*Task item*.
Transcribe each record word for word. Skip the images.
───
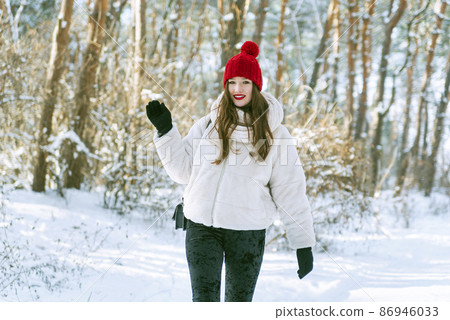 Happy smiling young woman in red hat walks in snowy forest. Sunny day in winter park. 86946033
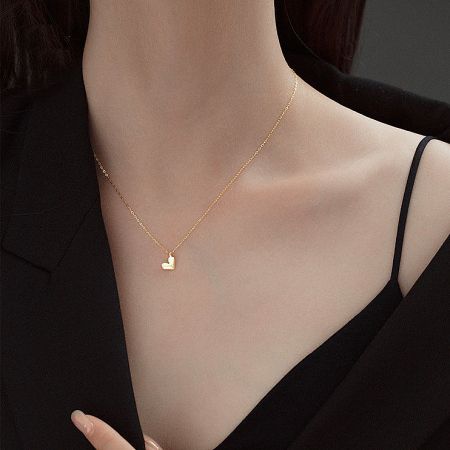 A gold necklace with a small heart pendant, highlighting its delicate design.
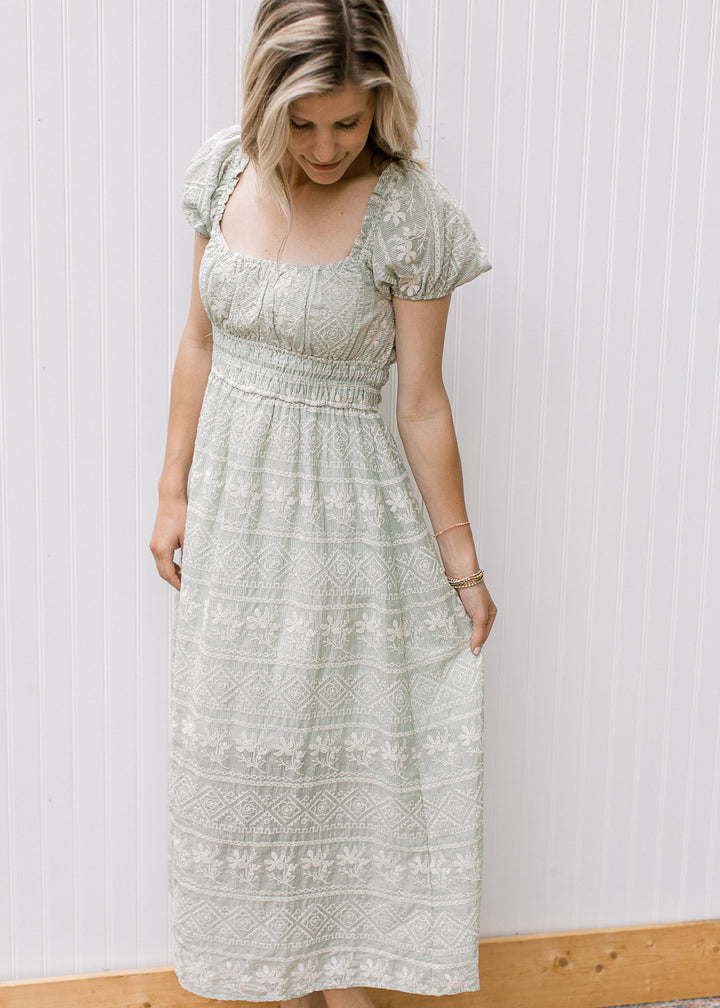 Model wearing a sage maxi with cream embroidered floral, smocked waist and puff cap sleeves.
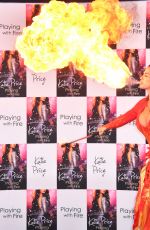 KATIE PRICE Fire Breathing at Her New Book Playing with Fire Photocall in London 01/17/2017
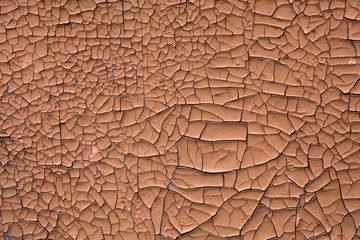 Background in the form of cracked from time paint brown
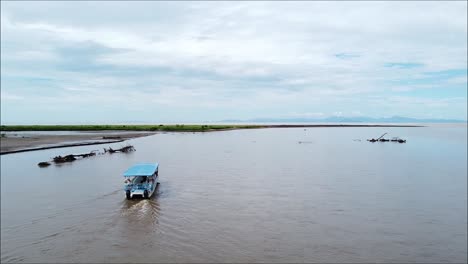 boat-on-tropical-river,-tarcoles-costa-rica,-puntarenas,-mangrove,-forest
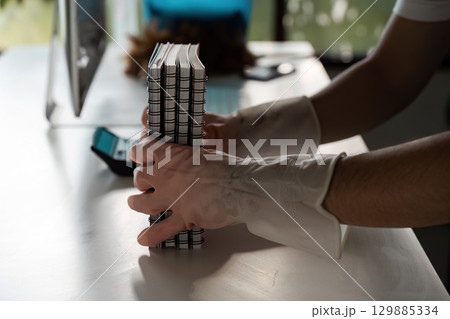 Person Wearing Gloves Organizing Notebooks on a Clean Desk in a Modern Office Environment with Natural Light Person Wearing Gloves Organizing Notebooks on a Clean Desk in a Modern Office Environment with Natural Light 129885334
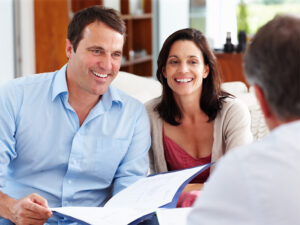 Friendly couple meeting with adviser.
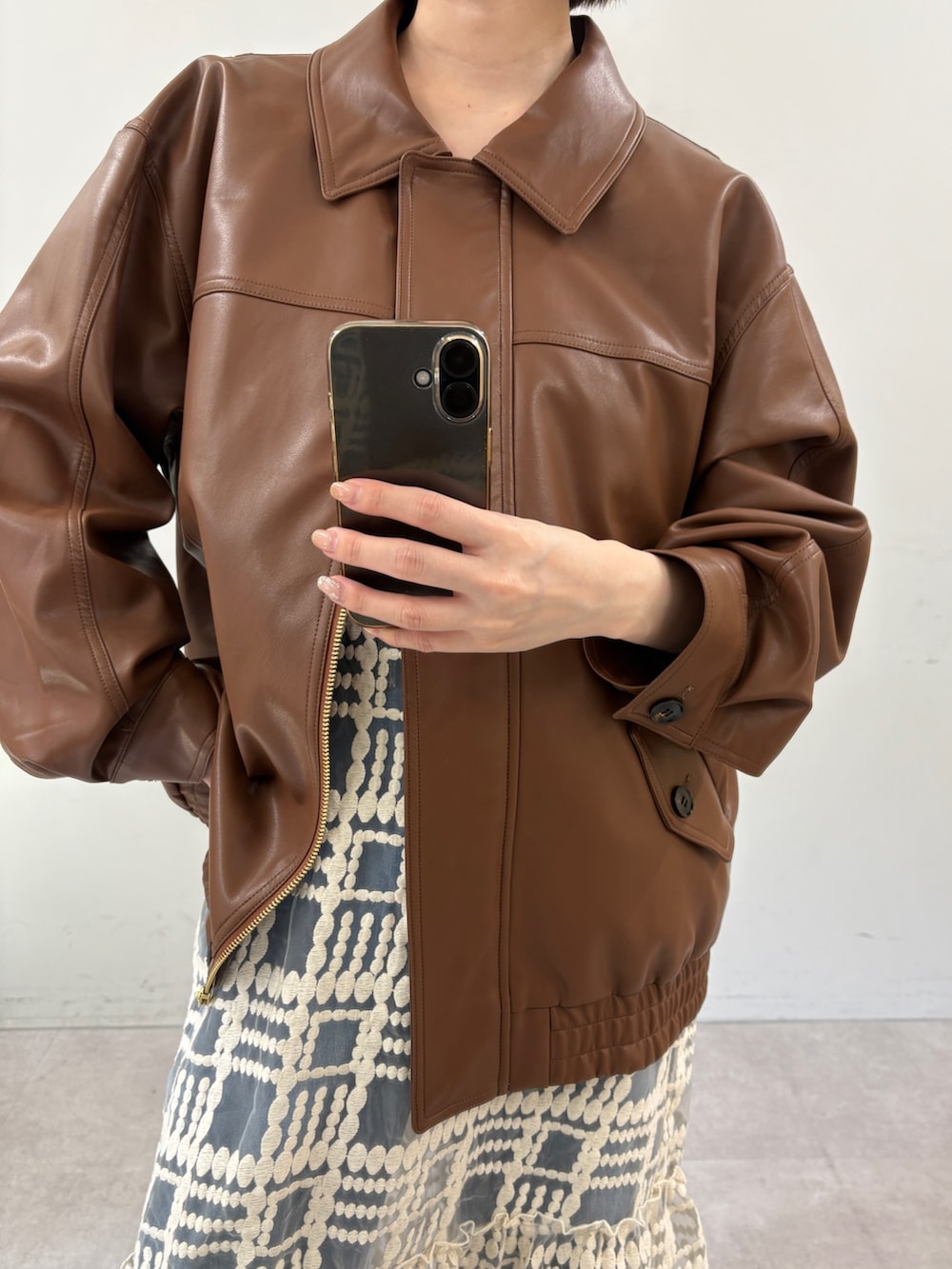 ブラウン系のブルゾン、ホワイト系のワンピース、ブルー系のデニムパンツを着用したレディースの秋コーディネートの2枚目の写真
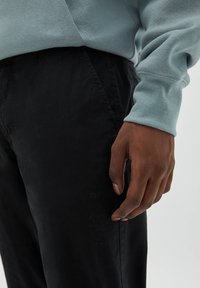 Světle modrá mikina s žebrovanými manžetami a černé kalhoty; detail ruky opírající se o nohavici kalhot, zobrazující texturu a detaily látky.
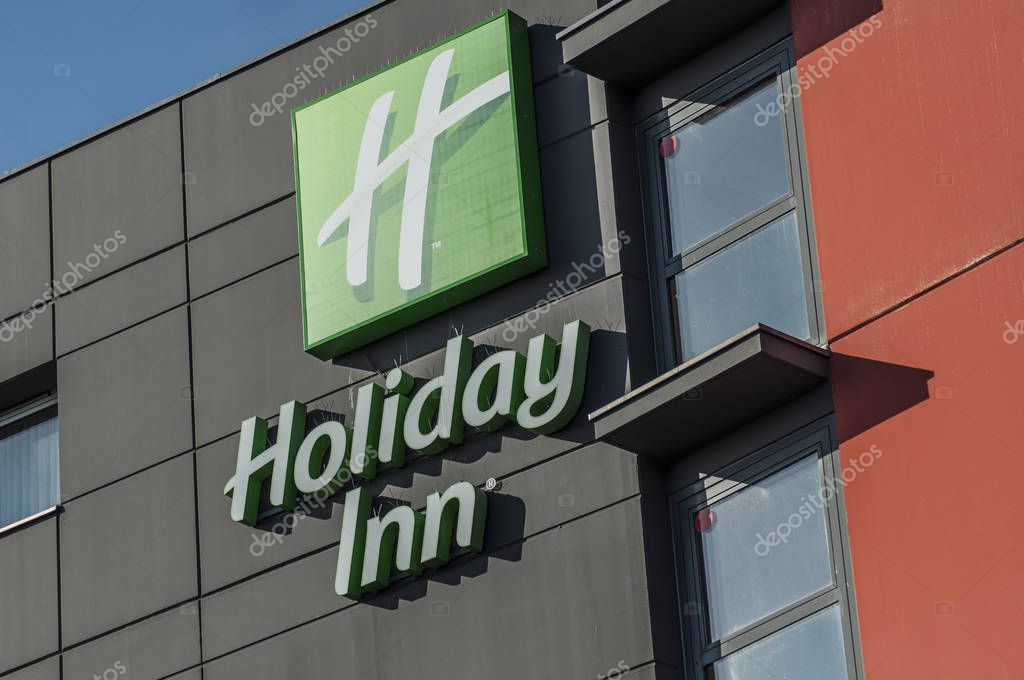 Mulhouse - France - 14 October 2018 - Holiday inn hotel logo on modern building. Holliday Inn is an americain chain company of hostelry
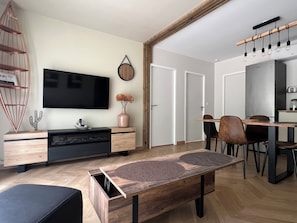 En moderne stue med et fladskærms-tv, møbler i træ og et spiseområde med stole og et bord.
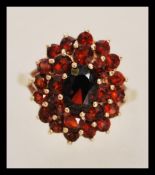 A hallmarked 9ct gold ring having a central faceted red stone with two halos of smaller faceted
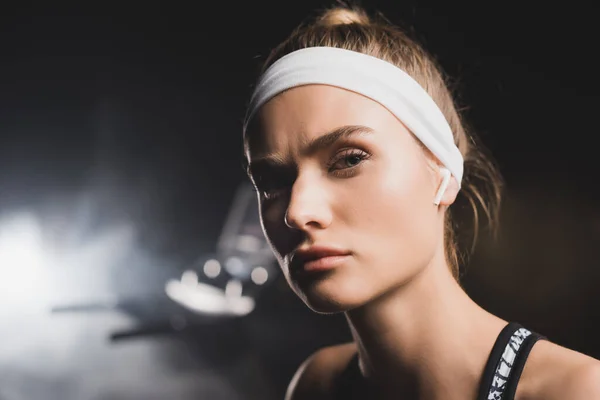Selektive Sicht der Sportlerin mit Kopfhörer auf die Kamera im Fitnessstudio — Stockfoto
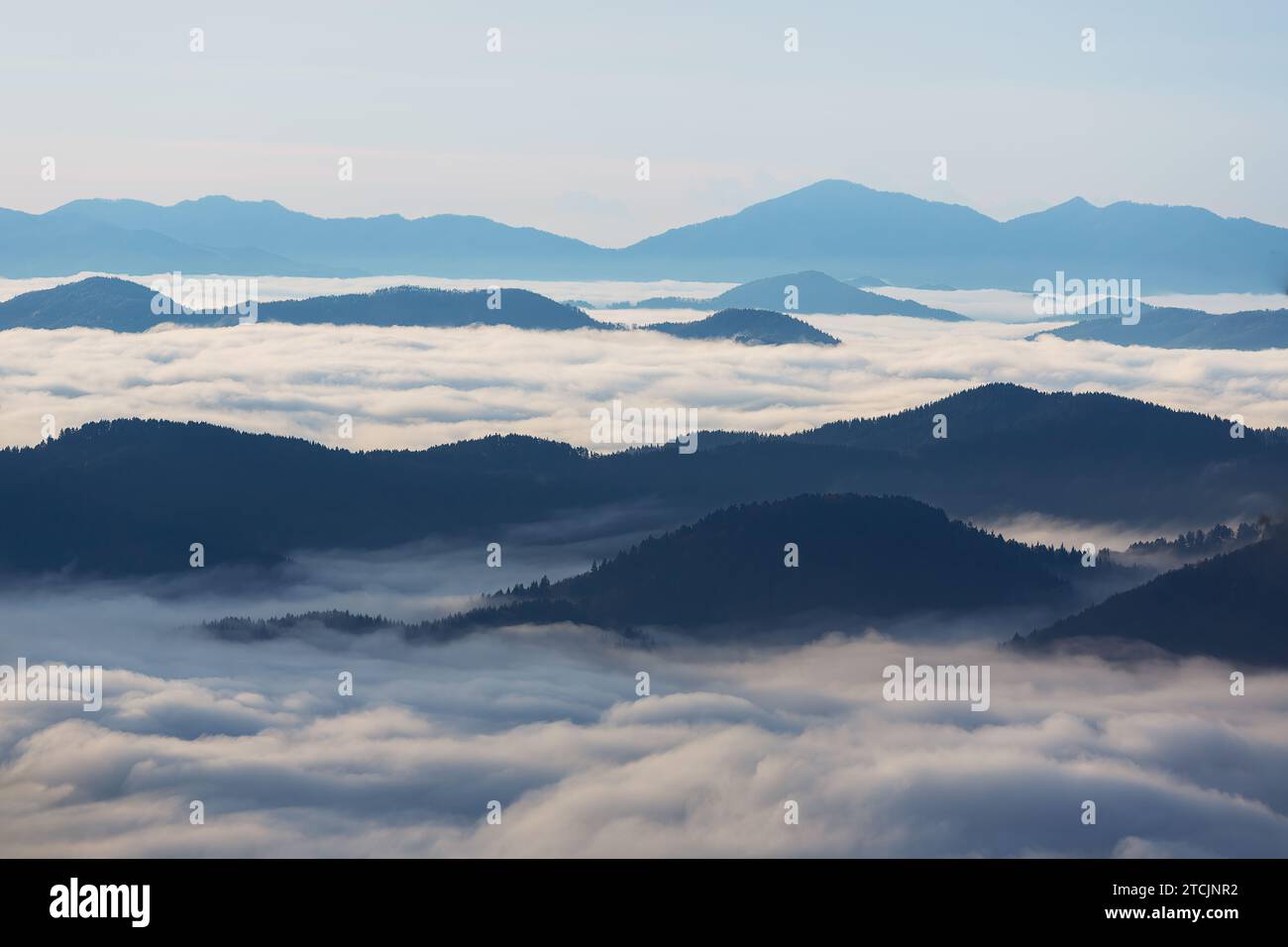 Sunrise over the mountain peaks with fog and clouds Stock Photo - Alamy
───
*Solution for this task*.
 Happy smiling young woman in red hat walks in snowy forest. Sunny day in winter park. 86946033
 A gold necklace with a small heart pendant, highlighting its delicate design.
 Model wearing a sage maxi with cream embroidered floral, smocked waist and puff cap sleeves.
 KATIE PRICE Fire Breathing at Her New Book Playing with Fire Photocall in London 01/17/2017
 Background in the form of cracked from time paint brown
 boat-on-tropical-river,-tarcoles-costa-rica,-puntarenas,-mangrove,-forest
 Person Wearing Gloves Organizing Notebooks on a Clean Desk in a Modern Office Environment with Natural Light Person Wearing Gloves Organizing Notebooks on a Clean Desk in a Modern Office Environment with Natural Light 129885334
 Friendly couple meeting with adviser.
 ブラウン系のブルゾン、ホワイト系のワンピース、ブルー系のデニムパンツを着用したレディースの秋コーディネートの2枚目の写真
 Světle modrá mikina s žebrovanými manžetami a černé kalhoty; detail ruky opírající se o nohavici kalhot, zobrazující texturu a detaily látky.
 Mulhouse - France - 14 October 2018 - Holiday inn hotel logo on modern building. Holliday Inn is an americain chain company of hostelry
 En moderne stue med et fladskærms-tv, møbler i træ og et spiseområde med stole og et bord.
 A hallmarked 9ct gold ring having a central faceted red stone with two halos of smaller faceted
Selektive Sicht der Sportlerin mit Kopfhörer auf die Kamera im Fitnessstudio — Stockfoto
 Sunrise over the mountain peaks with fog and clouds Stock Photo - Alamy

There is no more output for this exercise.